R/m_estimate.R
In geex: An API for M-Estimation

Documented in m_estimate

#------------------------------------------------------------------------------#
#' Estimate parameters and their covariance from a set of estimating equations
#'
#' @description
#' M-estimation theory provides a framework for asympotic properties of estimators
#' that are solutions to estimating equations. Many R packages implement specific
#' applications of estimating equations. \pkg{geex} aims to be provide a more general
#' framework that any modelling method can use to compute point and variance estimates
#' for parameters that are solutions to estimating equations of the form:
#' \deqn{\sum_i \psi(O_i, \hat{\theta}) = 0}{\sum_i \psi(O_i, \theta) = 0}
#'
#' @param estFUN a function that takes in group-level data and returns a function
#' that takes parameters as its first argument
#' @param data a data.frame
#' @param units an optional character string identifying the grouping variable in \code{data}
#' @param weights an optional vector of weights. See details.

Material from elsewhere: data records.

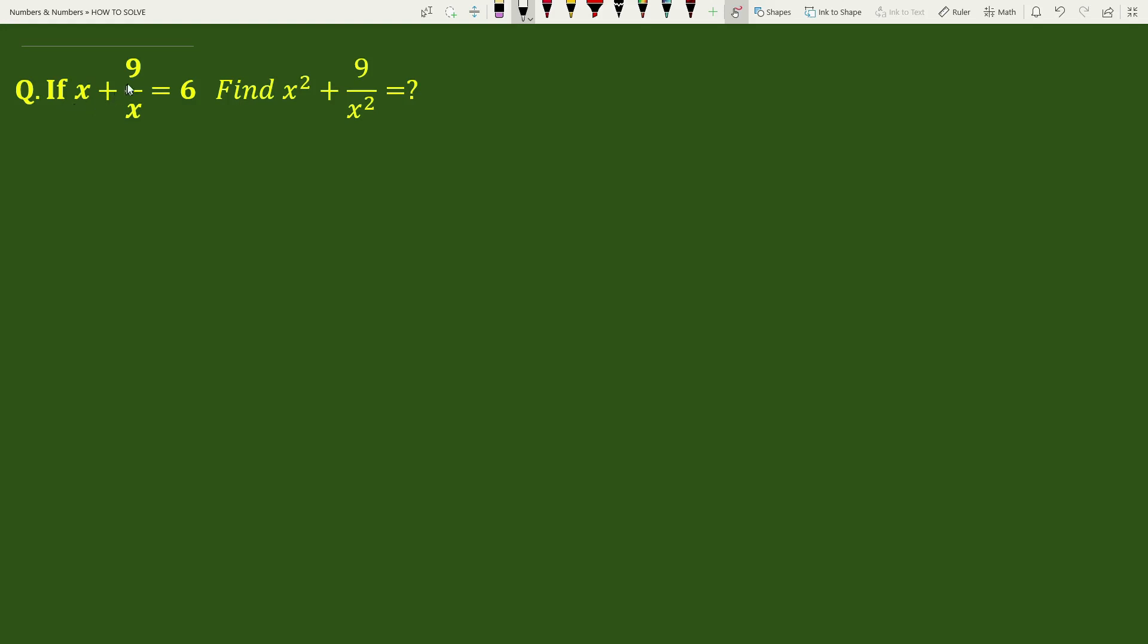If x plus 9 by x equals 6, find x square plus 9 by x square. Solution: Given x plus 9 by x equals 6.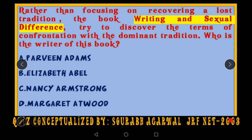The first question: rather than focusing on recovering a lost tradition, the book 'Writing and Sexual Difference' tries to discover the terms of confrontation with the dominant tradition. Now who is the writer of this book? To simplify: second wave feminism — Elaine Showalter coined the concept of recovering a lost tradition, to find out the female writers who were not able to publish their work in earlier times. This book tries to point out how certain women confronted the dominant patriarchal tradition.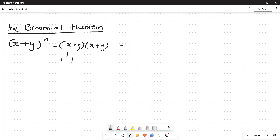Pascal's triangle is simple to derive and gives you the coefficients of the expansion, but the problem is if n is quite large — say n is 20 — drawing the triangle up to level 20 is tedious. It also does not work if your n is a fraction or a negative number. Pascal's triangle is only useful for natural numbers and not user-friendly when n is very large. Hence, we came up with the binomial theorem.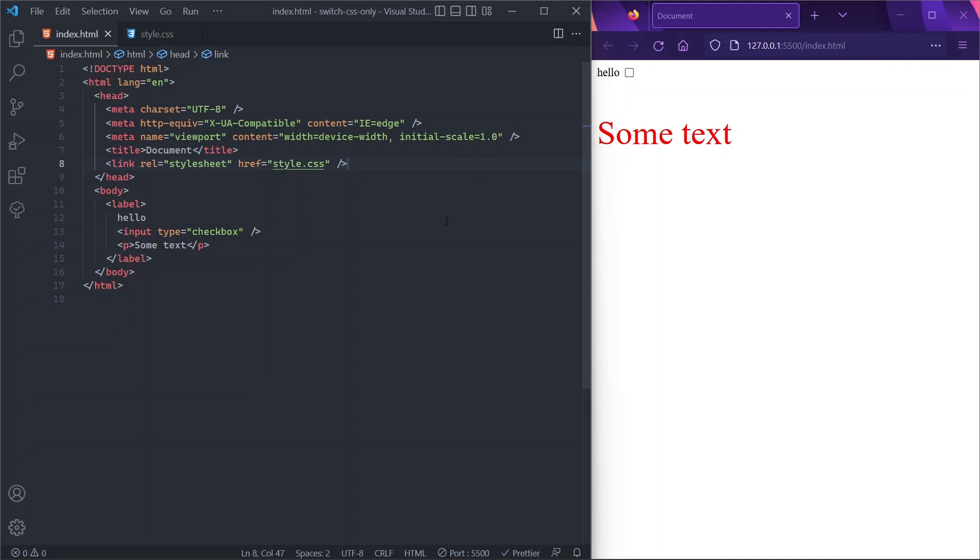This trick that I just showed you is called the checkbox hack, and it's a very well-known trick, so I'll leave you a link in the description to an article on CSS-Tricks.com if you want to dig more into it. Now that we covered all of this stuff, we are ready to use this trick in order to build our switch button.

#' @param outer_args a list of arguments passed to the outer (data) function of \code{estFUN}. (optional)
#' @param inner_args a list of arguments passed to the inner (theta) function of \code{estFUN}. (optional)
#' @param corrections an optional list of small sample corrections where each
#' list element is a \code{\linkS4class{correct_control}} object which contains
#' two elements: \code{correctFUN} and \code{correctFUN_options}. The function
#' \code{\link{correction}} constructs \code{\linkS4class{correct_control}} objects.
#' See details for more information.
#' @param compute_roots whether or not to find the roots of the estimating equations.
#' Defaults to \code{TRUE}.
#' @param compute_vcov whether or not to compute the variance-covariance matrix.
#' Defaults to \code{TRUE}.
#' @param Asolver a function passed to \code{compute_sigma} used to compute the
#'  inverse of the "bread" matrix. Defaults to \code{\link{solve}}.
#' @param roots a vector of parameter estimates must be provided if \code{compute_roots = FALSE}
#' @param deriv_control a \code{\linkS4class{deriv_control}} object
#' @param root_control a \code{\linkS4class{root_control}} object
#' @param approx_control a \code{\linkS4class{approx_control}} object
#'
#' @details The basic idea of \pkg{geex} is for the analyst to provide at least
#' two items:
#' \itemize{
#' \item data
#' \item \code{estFUN}: (the \eqn{\psi} function), a function that takes unit-level
#' data and returns a function in terms of parameters (\eqn{\theta})
#' }
#'
#' With the \code{estFUN}, \pkg{geex} computes the roots of the estimating equations
#' and/or the empirical sandwich variance estimator.
#'
#' The root finding algorithm defaults to \code{\link[rootSolve]{multiroot}} to
#' estimate roots though the solver algorithm can be specified in the \code{rootFUN}
#' argument. Starting values for \code{\link[rootSolve]{multiroot}} are passed via the
#' \code{root_control} argument. See \code{vignette("v03_root_solvers", package = "geex")}
#' for information on customizing the root solver function.
#'
#' To compute only the covariance matrix, set \code{compute_roots = FALSE} and pass
#' estimates of \eqn{\theta} via the \code{roots} argument.
#'
#' M-estimation is often used for clustered data, and a variable by which to split
#' the data.frame  into independent units is specified by the \code{units} argument.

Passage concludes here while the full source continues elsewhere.